To me, the vortex of Love, wonder, gratitude, and hope that surrounds so many
mothers and newborns creates its own gravity. In the meeting of their eyes, the rest of us have the
opportunity to get pulled into the love-at-first-sight experience of God
looking upon the shimmering stillness of a new creation and saying, ‘Oh, this
is good.’
Many theologians,
Christian and otherwise, regard the creation as God’s most personal
self-revelation. This is certainly the view within the ancient Celtic
tradition. Through the centuries, a host of thinkers, writers, and mystics have
made similar associations. Few have been as direct as Julian of Norwich who,
after years of prayer, service and ecstatic visions came to the conclusion that
the creation is not simply made by God, [but] made of God.
When human
beings create, they participate in the divine act of becoming a fully
God-imaged creatures. And the desire
to create can be understood as God within us seeking relationship, seeking to
be known, loved, and shared. Acting on that desire and creating something new –
a painting, a garden, music, children, laughter, community, pound cake (there
are as many ways to create as there are people) – is to open oneself up to exciting
transformation and terrifying vulnerability. To create something that will have
a life of its own, something we will freely turn loose of for the sake of the
creation, this is the excruciating euphoria of God’s incarnation in Jesus. And
in her heart of hearts, this is the experience Hannah desires.
Hannah is married
to Elkanah. He is a nice guy. He is stable, dependable, church-going. He keeps
his grass mowed, pays his bills, tithes, and drives the kids to soccer practice
and swimming lessons when Mom cannot. The story tells us very little about
Elkanah, but he seems creative enough, even if in a rather artificially-flavored-vanilla
kind of way.
Peninnah,
Hannah’s wife-in-law, has the capacity for physiological creativity. But
because Elkanah loves Hannah,
Peninnah treats her children like trophies on a shelf. She rubs Hannah’s nose
in them. Personifying selfishness, and congested by envy, Peninnah may never even
desire the kind of relationship with her children that creates transforming blessing
for everyone. She may never learn to live gratefully and generously.
Hannah is
different. Her barrenness becomes openness, openness to a fullness that
Elkanah’s second helpings cannot fill, and to a hope that Peninnah’s cruelty
cannot extinguish.
“Lord of
hosts,” she prays, ‘if you’ll give me a son, he will be yours. Let me give
birth to him. Let me nurse him. Let the two of us gaze into each other’s eyes.

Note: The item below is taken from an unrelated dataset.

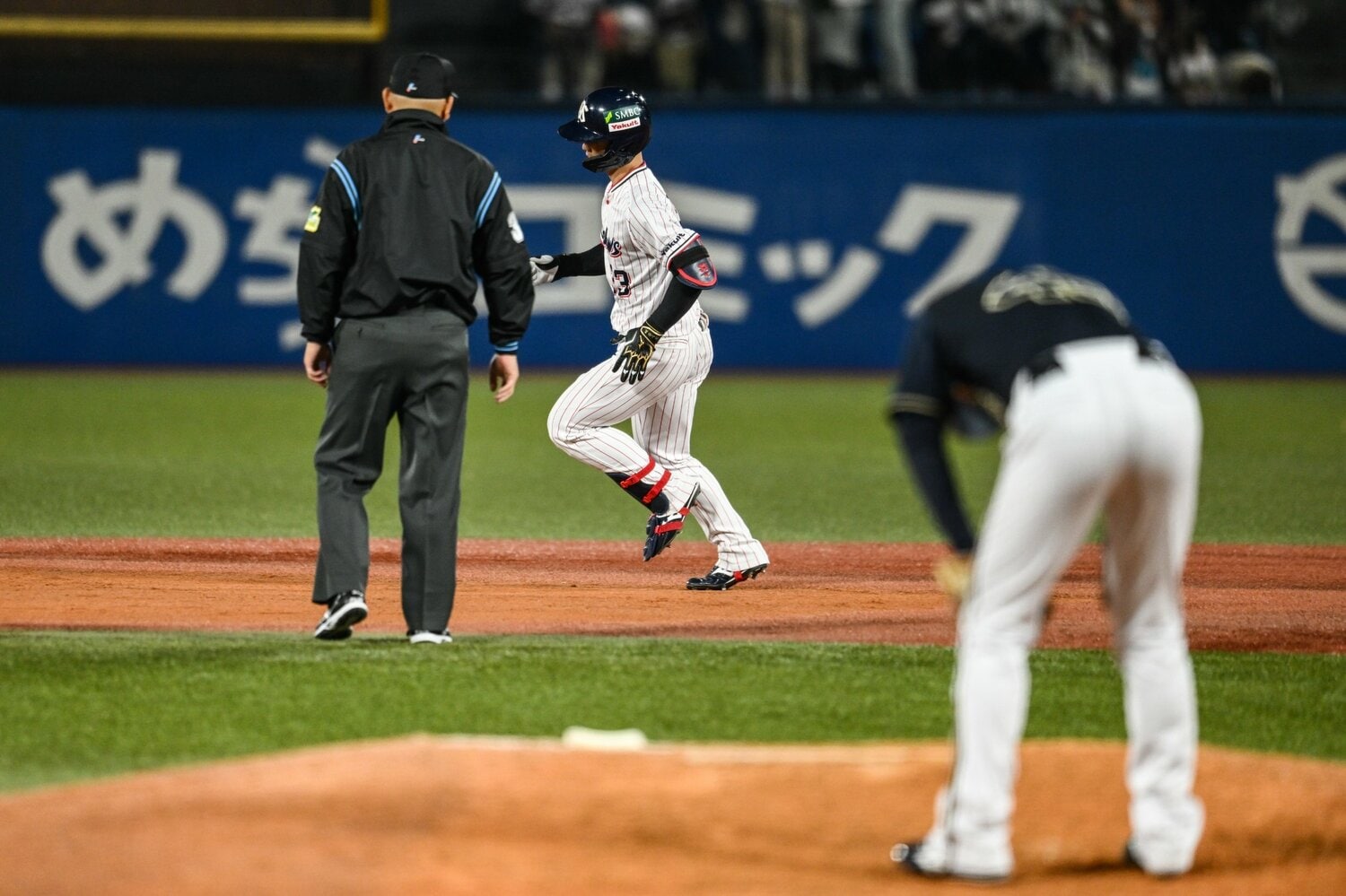 内山のホームラン　©Nanae Suzuki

That’s all I want. I want my life changed by a child, and when he’s old enough,
I’ll turn him loose. He’ll be yours.’
Hannah moves
us with her prayer. The creation process includes, and perhaps necessarily so, the
anguish of emptiness. Like a painter staring at a blank canvas, like a gardener
standing over unbroken ground, Hannah bargains with the primordial source of
the very desire to create. She wrestles with the teeming emptiness inside her.
One problem
with tapping that deeply into our creativity is that some folks may think we
are completely nuts, or at least under the influence of something. As a priest,
Eli should know better, but when he sees Hannah on the ground, lip-synching to
some inaudible song, he sneers at her.
‘Sober up,’ he
says. ‘You look pitiful.’
‘I’m not
drunk,’ says Hannah. ‘I’m down here duking it out with Yahweh. Like Jacob at
the Jabbok. So bless me or leave me alone.’
A stunned Eli
says, ‘Peace be with you. Bless your heart…and the rest of you, as well.’
I have never
met a mom who would give up her child as Hannah does. But every parent worth their
salt knows that no child finally belongs to them any more than they want to belong
to their parents. All human beings need to be raised, of course. We must be loved and cared for, educated and
empowered. And we must be appropriately disciplined and affirmed.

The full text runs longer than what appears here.